__INSTRUCTIONS FOR THE TASK__
Wherever the line that contains "香港直邮Stone Island 石头岛 男士 Island 石头色拼缀徽标T恤 L1" falls, repeat it and the lines after it exactly until the records end, without any pictures.

[DATA TO EXAMINE Boundary: Start]

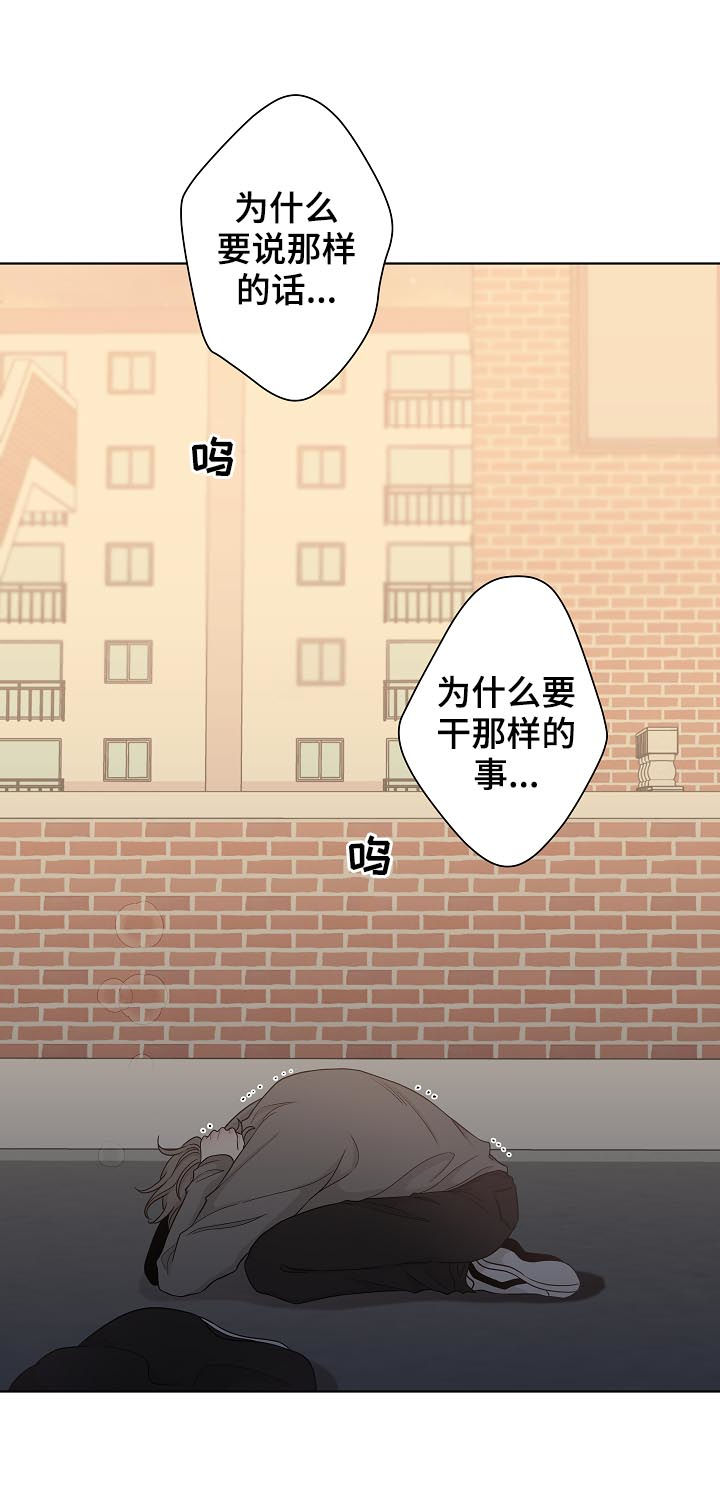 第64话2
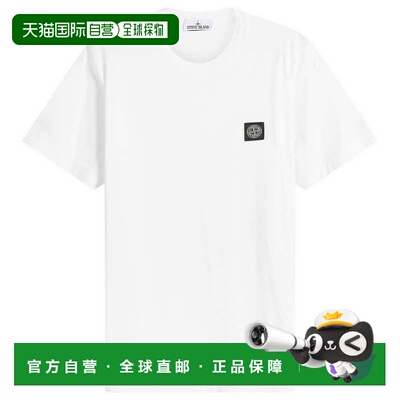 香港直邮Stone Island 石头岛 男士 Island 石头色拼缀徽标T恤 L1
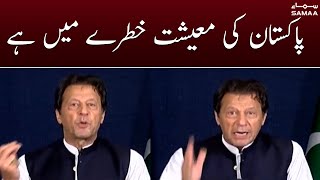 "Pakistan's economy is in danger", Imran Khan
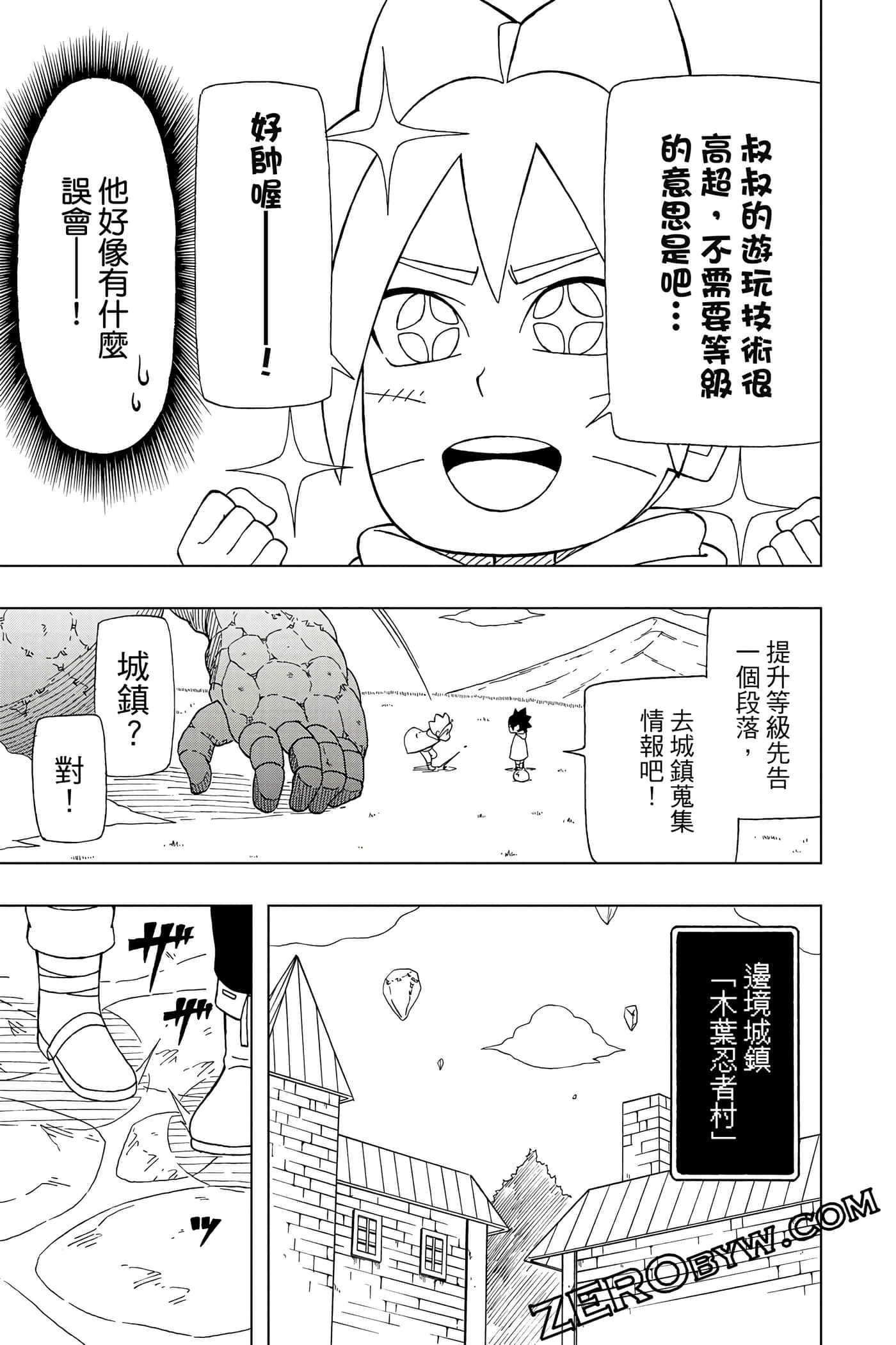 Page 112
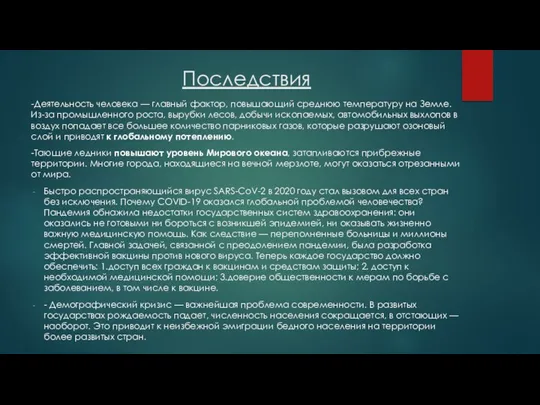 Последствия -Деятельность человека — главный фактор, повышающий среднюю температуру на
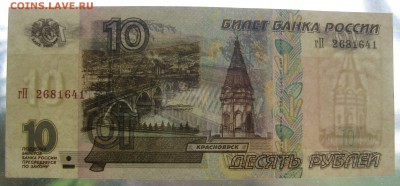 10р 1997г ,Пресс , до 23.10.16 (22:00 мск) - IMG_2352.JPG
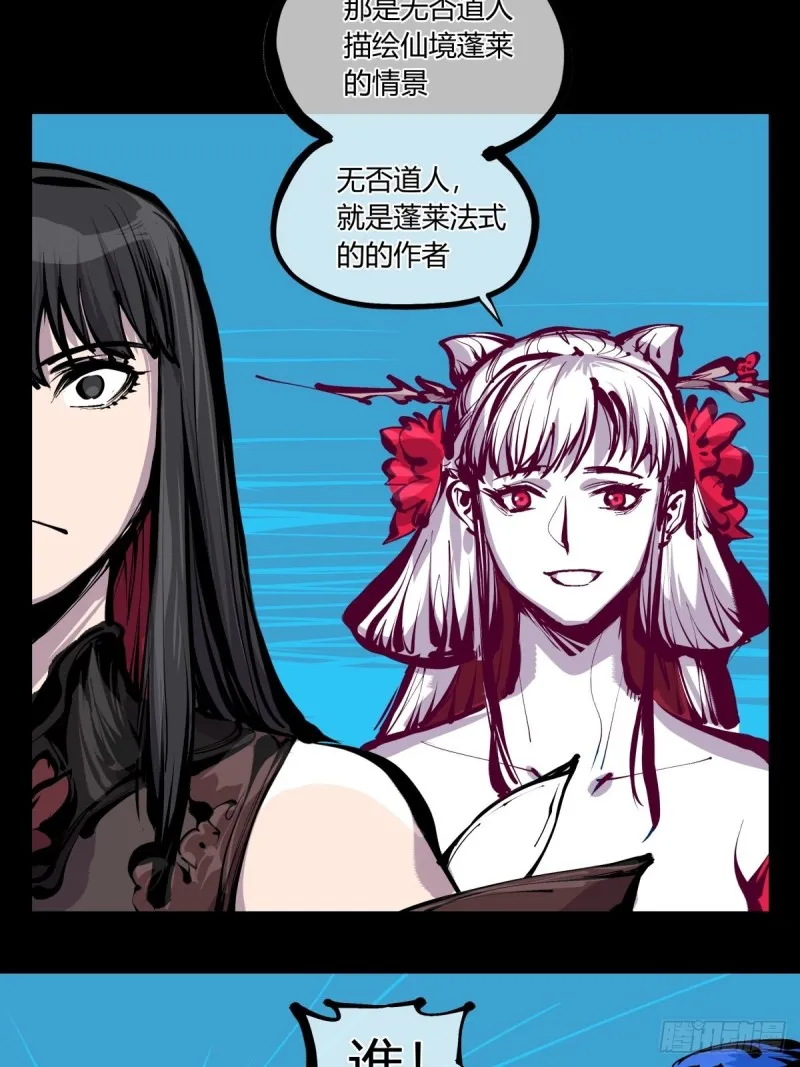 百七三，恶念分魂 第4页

[DATA TO EXAMINE Boundary: End]

__PROBLEM SOLUTION__
 香港直邮Stone Island 石头岛 男士 Island 石头色拼缀徽标T恤 L1
 "Pakistan's economy is in danger", Imran Khan
 Page 112
 Последствия -Деятельность человека — главный фактор, повышающий среднюю температуру на
 10р 1997г ,Пресс , до 23.10.16 (22:00 мск) - IMG_2352.JPG
 百七三，恶念分魂 第4页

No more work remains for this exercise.